§ **About this exercise**: Shown below are entries with pictures; the line with "Comida Humeda para" through the line with "Tisbury Chair in House Clever Velvet Henna" is the span to retype exactly, and the pictures stay out.

§ **Data to process**:
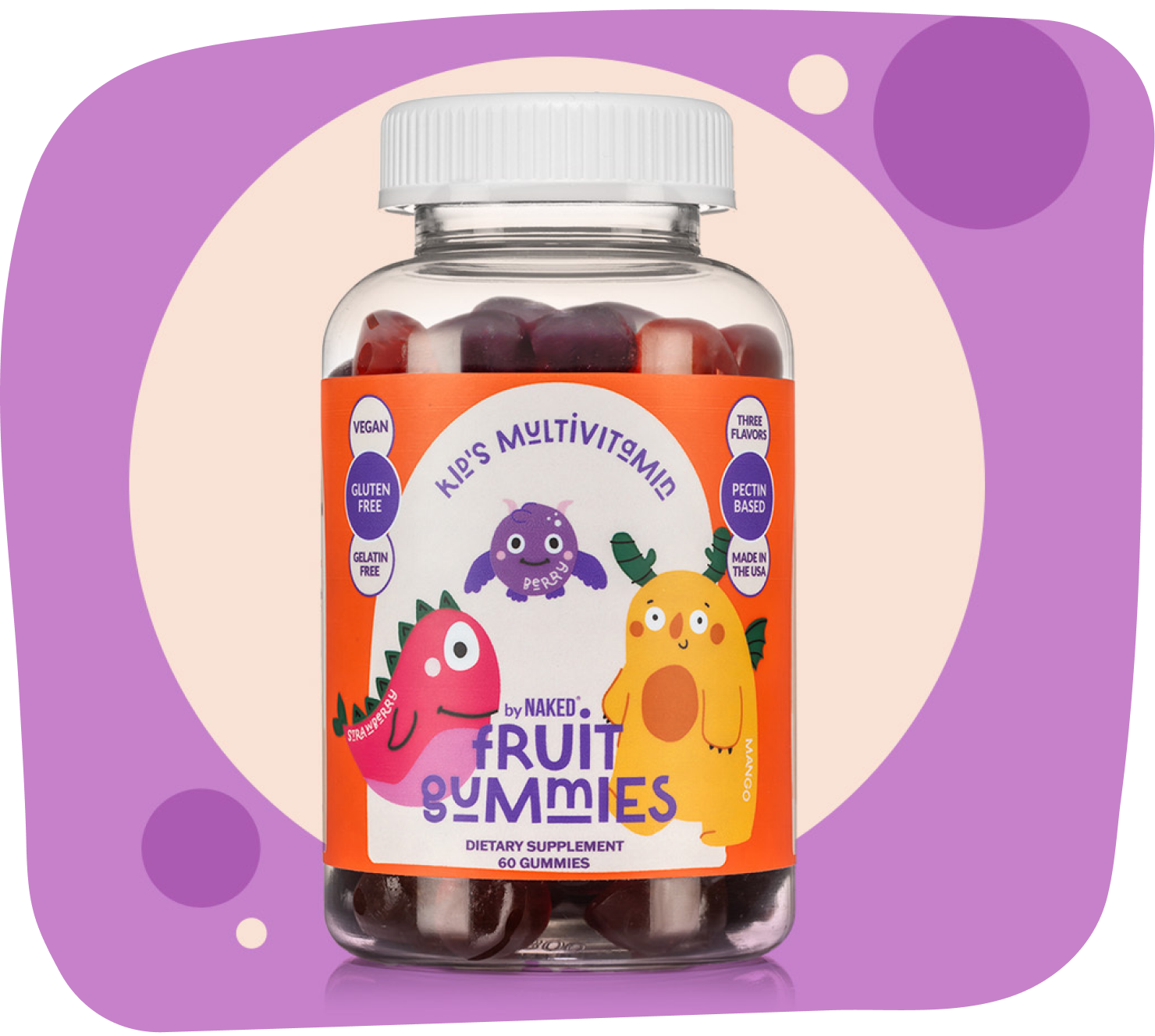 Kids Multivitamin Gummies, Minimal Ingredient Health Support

* * *

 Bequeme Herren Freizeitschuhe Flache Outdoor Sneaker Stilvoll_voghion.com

--

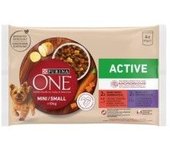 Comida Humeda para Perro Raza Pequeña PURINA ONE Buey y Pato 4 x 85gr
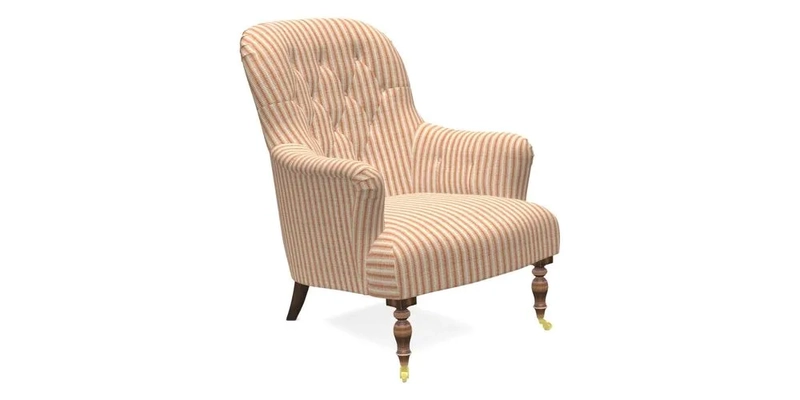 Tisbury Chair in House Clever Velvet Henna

§ **Answer section**:
 Comida Humeda para Perro Raza Pequeña PURINA ONE Buey y Pato 4 x 85gr
 Tisbury Chair in House Clever Velvet Henna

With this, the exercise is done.